Start of Block
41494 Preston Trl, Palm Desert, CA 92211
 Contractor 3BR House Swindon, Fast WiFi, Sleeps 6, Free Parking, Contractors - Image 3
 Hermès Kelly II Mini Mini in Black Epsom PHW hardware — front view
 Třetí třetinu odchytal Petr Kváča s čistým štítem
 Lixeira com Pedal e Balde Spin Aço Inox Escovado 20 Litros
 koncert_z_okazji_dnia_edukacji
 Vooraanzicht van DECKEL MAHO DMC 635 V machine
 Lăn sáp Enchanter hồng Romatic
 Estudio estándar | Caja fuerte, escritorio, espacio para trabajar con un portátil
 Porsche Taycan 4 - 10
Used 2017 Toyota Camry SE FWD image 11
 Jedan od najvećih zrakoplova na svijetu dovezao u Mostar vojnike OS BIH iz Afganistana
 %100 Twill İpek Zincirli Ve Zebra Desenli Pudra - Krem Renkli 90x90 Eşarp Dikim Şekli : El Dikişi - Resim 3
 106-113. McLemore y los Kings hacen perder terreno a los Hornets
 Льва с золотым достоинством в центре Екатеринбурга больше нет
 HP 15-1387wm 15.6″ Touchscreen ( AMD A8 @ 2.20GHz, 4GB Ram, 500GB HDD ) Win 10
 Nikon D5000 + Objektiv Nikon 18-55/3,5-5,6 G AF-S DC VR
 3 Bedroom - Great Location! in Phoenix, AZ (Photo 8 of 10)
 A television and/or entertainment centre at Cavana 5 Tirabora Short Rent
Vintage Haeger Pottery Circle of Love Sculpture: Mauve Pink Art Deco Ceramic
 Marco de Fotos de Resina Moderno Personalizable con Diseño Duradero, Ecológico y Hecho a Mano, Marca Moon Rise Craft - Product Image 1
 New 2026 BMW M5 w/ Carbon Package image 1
End of Block
What you have to do —
Set the data down again in full, exactly as given.

Answer for the task —
41494 Preston Trl, Palm Desert, CA 92211
 Contractor 3BR House Swindon, Fast WiFi, Sleeps 6, Free Parking, Contractors - Image 3
 Hermès Kelly II Mini Mini in Black Epsom PHW hardware — front view
 Třetí třetinu odchytal Petr Kváča s čistým štítem
 Lixeira com Pedal e Balde Spin Aço Inox Escovado 20 Litros
 koncert_z_okazji_dnia_edukacji
 Vooraanzicht van DECKEL MAHO DMC 635 V machine
 Lăn sáp Enchanter hồng Romatic
 Estudio estándar | Caja fuerte, escritorio, espacio para trabajar con un portátil
 Porsche Taycan 4 - 10
Used 2017 Toyota Camry SE FWD image 11
 Jedan od najvećih zrakoplova na svijetu dovezao u Mostar vojnike OS BIH iz Afganistana
 %100 Twill İpek Zincirli Ve Zebra Desenli Pudra - Krem Renkli 90x90 Eşarp Dikim Şekli : El Dikişi - Resim 3
 106-113. McLemore y los Kings hacen perder terreno a los Hornets
 Льва с золотым достоинством в центре Екатеринбурга больше нет
 HP 15-1387wm 15.6″ Touchscreen ( AMD A8 @ 2.20GHz, 4GB Ram, 500GB HDD ) Win 10
 Nikon D5000 + Objektiv Nikon 18-55/3,5-5,6 G AF-S DC VR
 3 Bedroom - Great Location! in Phoenix, AZ (Photo 8 of 10)
 A television and/or entertainment centre at Cavana 5 Tirabora Short Rent
Vintage Haeger Pottery Circle of Love Sculpture: Mauve Pink Art Deco Ceramic
 Marco de Fotos de Resina Moderno Personalizable con Diseño Duradero, Ecológico y Hecho a Mano, Marca Moon Rise Craft - Product Image 1
 New 2026 BMW M5 w/ Carbon Package image 1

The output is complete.